From the line below that contains "Aaron Lane, NJ, Brass Dial Tall Case Clock" to the line that contains "パーティーアニマルズサファリワイルドワンタイガーズー誕生日 ペーパープレート (アングル)", repeat every line exactly, both ends included, and nothing else.

=== RECORDS SHOWN ===

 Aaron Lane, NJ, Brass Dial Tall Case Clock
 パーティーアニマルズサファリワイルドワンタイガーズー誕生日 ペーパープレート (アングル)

===
=== RECORDS SHOWN ===

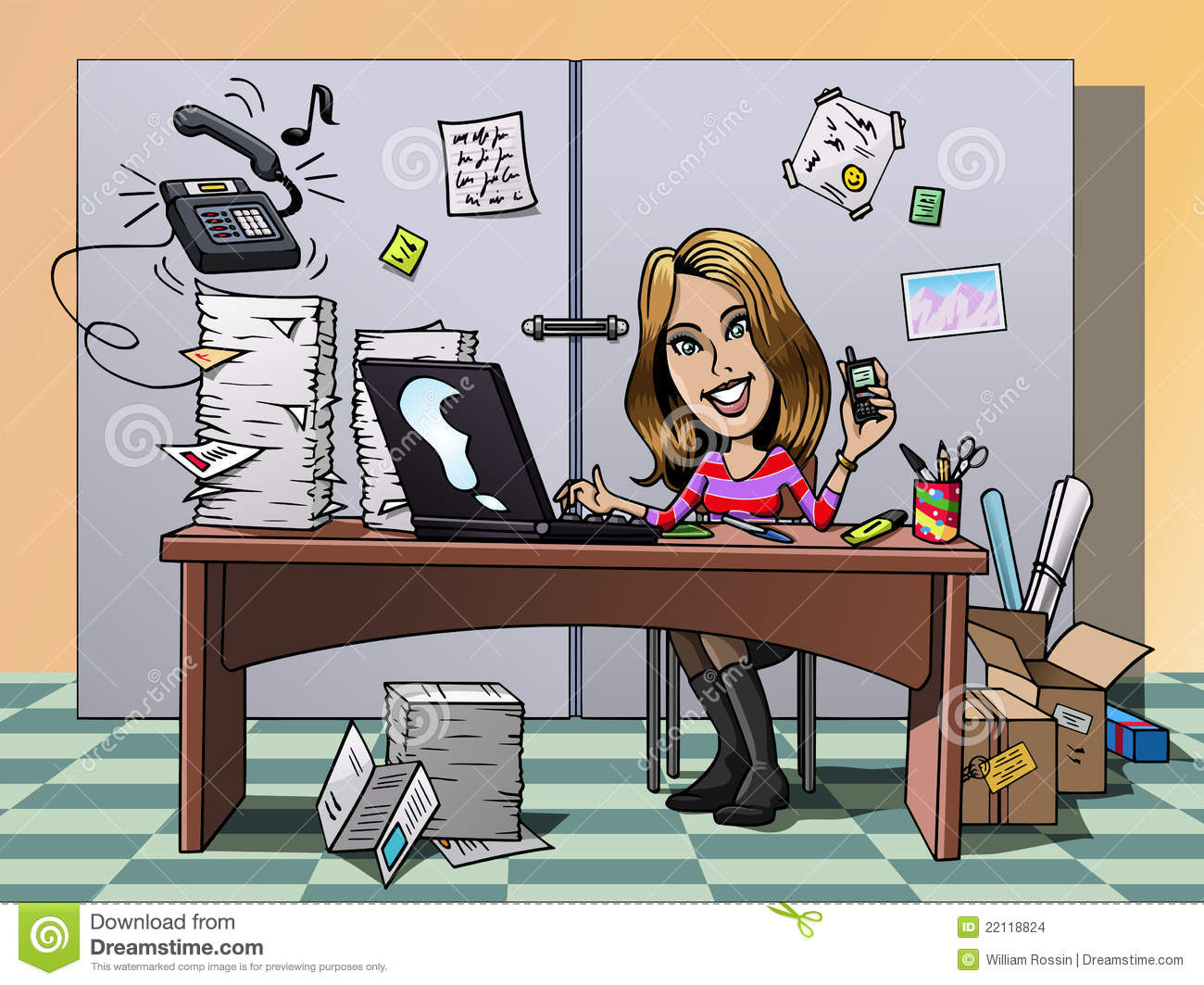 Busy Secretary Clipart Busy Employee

===
=== RECORDS SHOWN ===

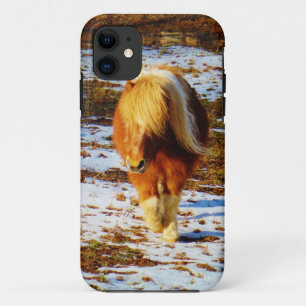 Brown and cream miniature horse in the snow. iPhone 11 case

===

• TASK RESPONSE:
 Aaron Lane, NJ, Brass Dial Tall Case Clock
 パーティーアニマルズサファリワイルドワンタイガーズー誕生日 ペーパープレート (アングル)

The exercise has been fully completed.